◆ Exercise:
Starting with the line that has "Hi, I'm Anya" in the records below and stopping after the line that has "Bats make up", output every line exactly and nothing else; skip pictures.

╭─ Exercise materials

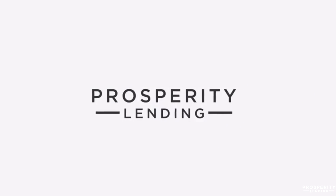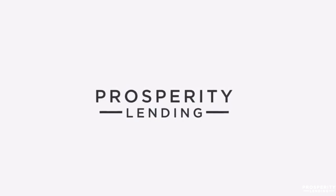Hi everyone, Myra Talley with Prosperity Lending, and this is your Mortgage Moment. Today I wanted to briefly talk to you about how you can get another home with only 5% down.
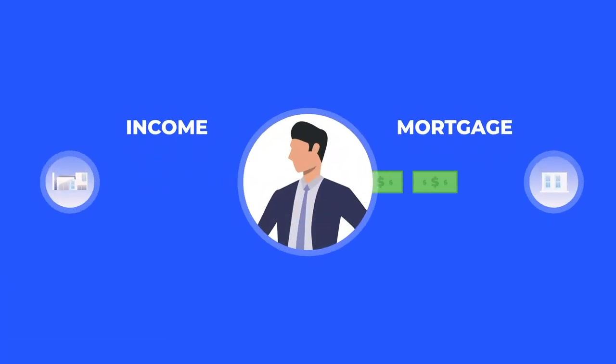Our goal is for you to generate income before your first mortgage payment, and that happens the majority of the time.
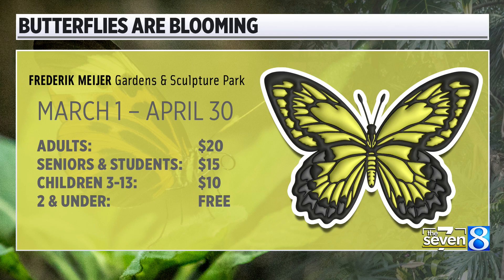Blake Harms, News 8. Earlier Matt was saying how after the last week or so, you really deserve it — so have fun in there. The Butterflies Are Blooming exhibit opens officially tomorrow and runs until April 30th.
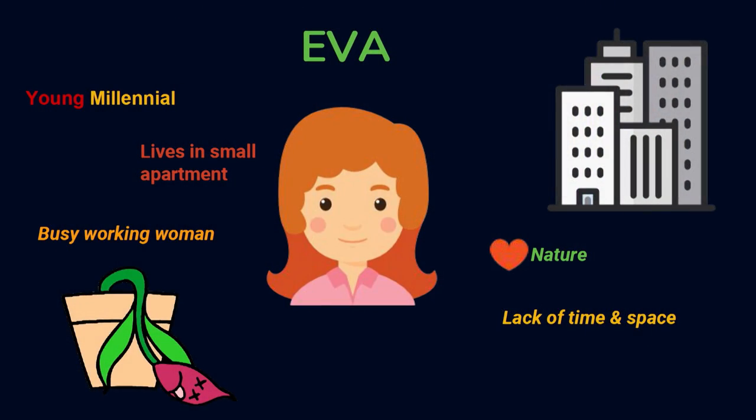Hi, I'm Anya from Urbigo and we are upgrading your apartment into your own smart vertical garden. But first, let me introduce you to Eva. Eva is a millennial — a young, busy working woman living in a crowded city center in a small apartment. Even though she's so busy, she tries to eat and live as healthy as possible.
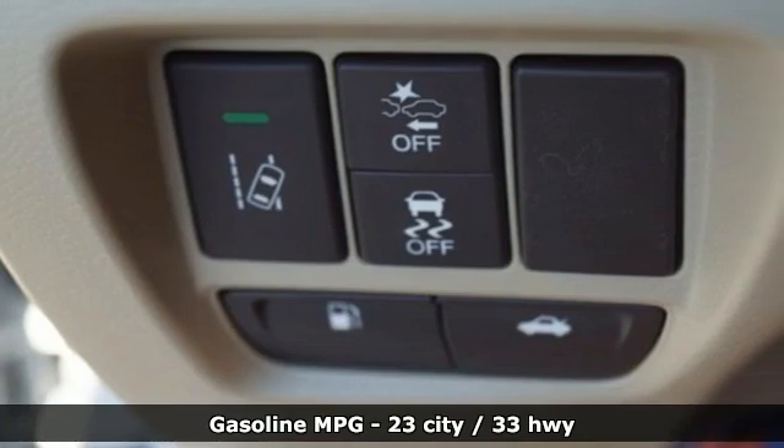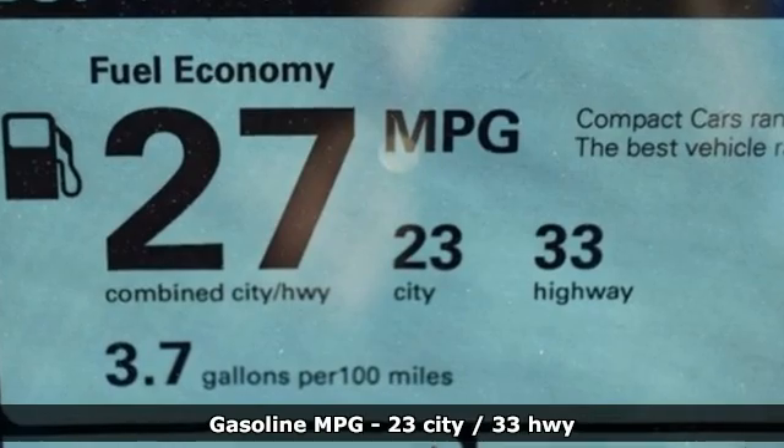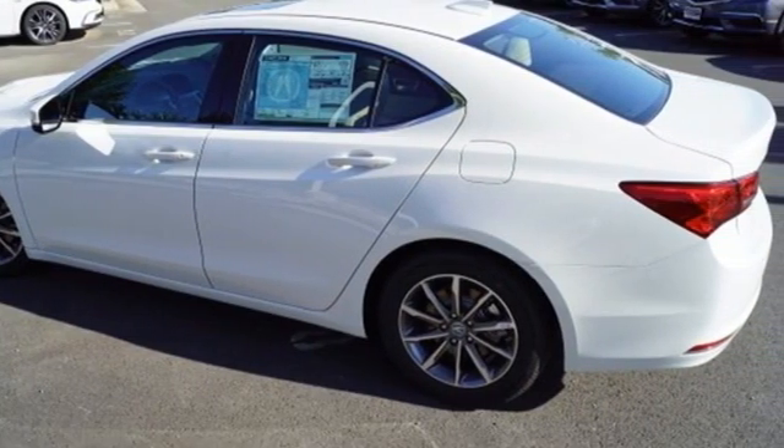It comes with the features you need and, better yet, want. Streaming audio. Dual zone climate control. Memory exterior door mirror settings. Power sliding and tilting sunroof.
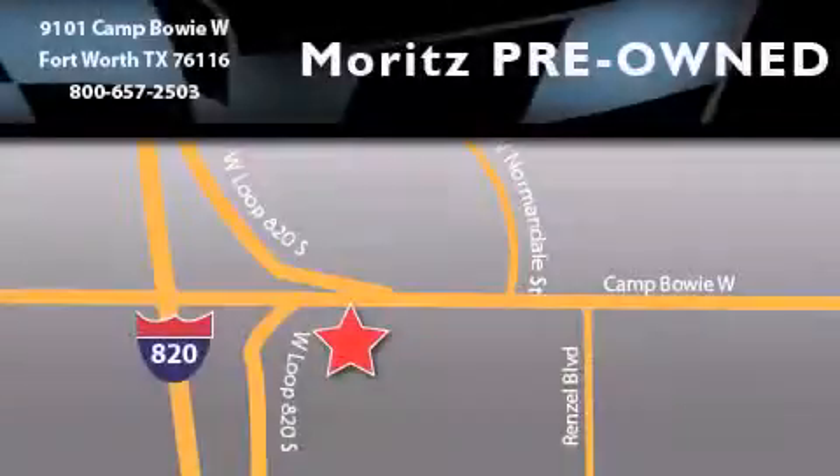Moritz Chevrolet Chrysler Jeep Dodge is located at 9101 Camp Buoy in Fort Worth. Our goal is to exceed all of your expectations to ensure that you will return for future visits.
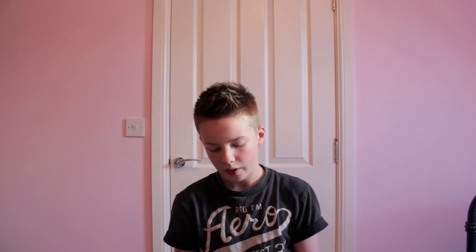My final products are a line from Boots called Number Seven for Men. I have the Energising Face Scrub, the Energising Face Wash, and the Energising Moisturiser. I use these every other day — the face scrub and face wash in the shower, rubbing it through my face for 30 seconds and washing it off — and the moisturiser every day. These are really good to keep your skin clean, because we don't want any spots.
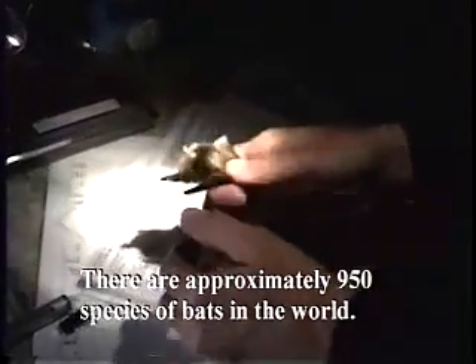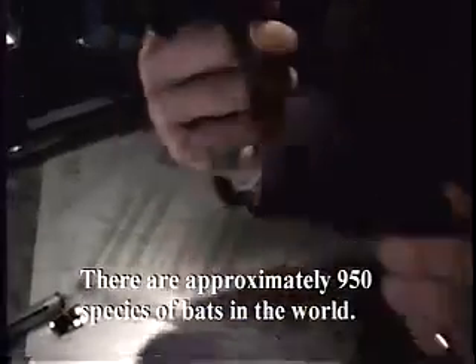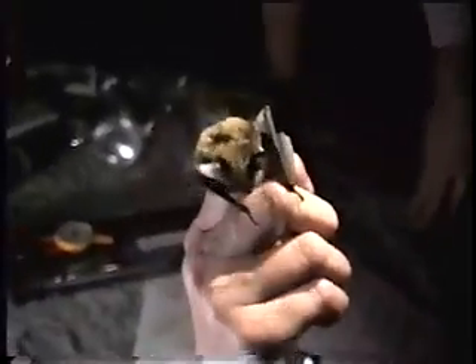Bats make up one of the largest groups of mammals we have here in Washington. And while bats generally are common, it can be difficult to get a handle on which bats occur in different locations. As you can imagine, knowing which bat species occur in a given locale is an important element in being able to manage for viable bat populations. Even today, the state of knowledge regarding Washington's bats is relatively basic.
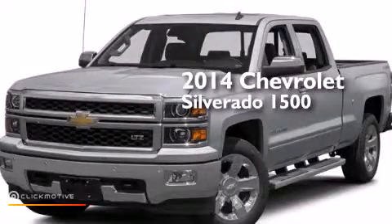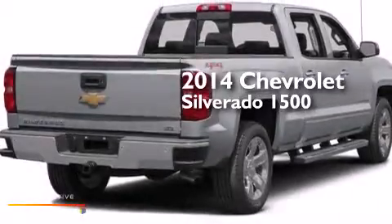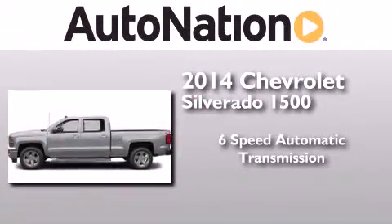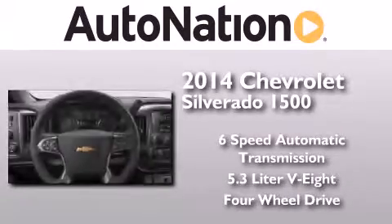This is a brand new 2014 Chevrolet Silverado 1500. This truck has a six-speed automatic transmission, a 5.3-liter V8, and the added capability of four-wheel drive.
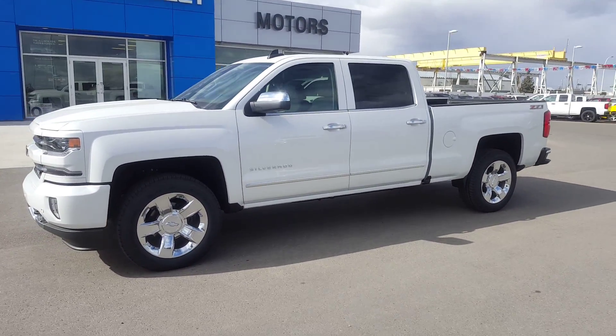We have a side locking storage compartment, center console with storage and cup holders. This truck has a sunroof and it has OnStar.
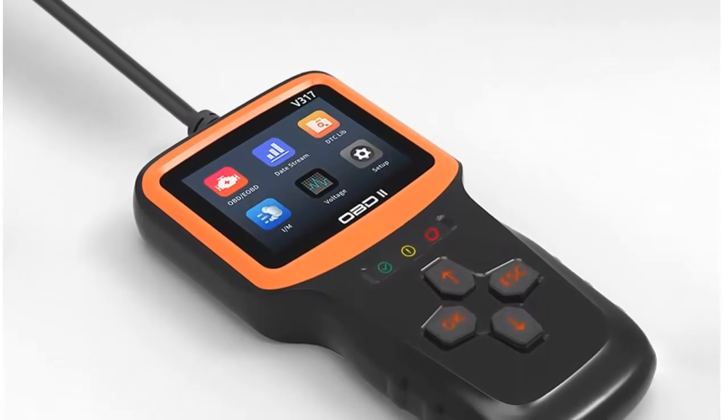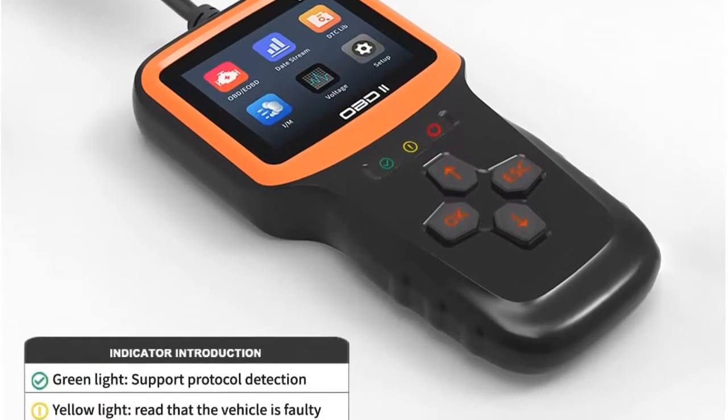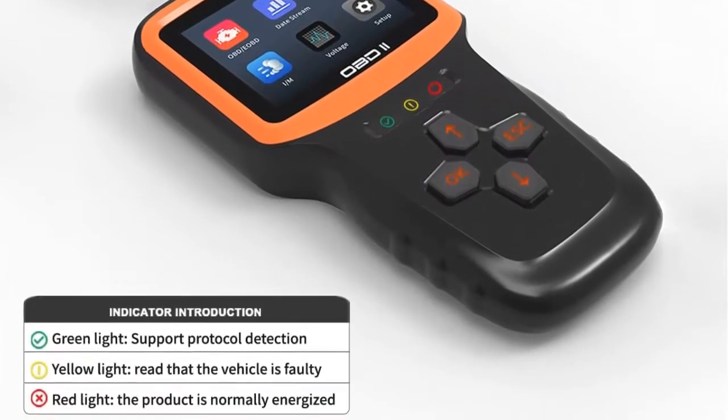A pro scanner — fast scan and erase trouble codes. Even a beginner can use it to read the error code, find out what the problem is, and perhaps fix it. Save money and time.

╰─

◆ Response area:
Hi, I'm Anya from Urbigo and we are upgrading your apartment into your own smart vertical garden. But first, let me introduce you to Eva. Eva is a millennial — a young, busy working woman living in a crowded city center in a small apartment. Even though she's so busy, she tries to eat and live as healthy as possible.
It comes with the features you need and, better yet, want. Streaming audio. Dual zone climate control. Memory exterior door mirror settings. Power sliding and tilting sunroof.
Moritz Chevrolet Chrysler Jeep Dodge is located at 9101 Camp Buoy in Fort Worth. Our goal is to exceed all of your expectations to ensure that you will return for future visits.
My final products are a line from Boots called Number Seven for Men. I have the Energising Face Scrub, the Energising Face Wash, and the Energising Moisturiser. I use these every other day — the face scrub and face wash in the shower, rubbing it through my face for 30 seconds and washing it off — and the moisturiser every day. These are really good to keep your skin clean, because we don't want any spots.
Bats make up one of the largest groups of mammals we have here in Washington. And while bats generally are common, it can be difficult to get a handle on which bats occur in different locations. As you can imagine, knowing which bat species occur in a given locale is an important element in being able to manage for viable bat populations. Even today, the state of knowledge regarding Washington's bats is relatively basic.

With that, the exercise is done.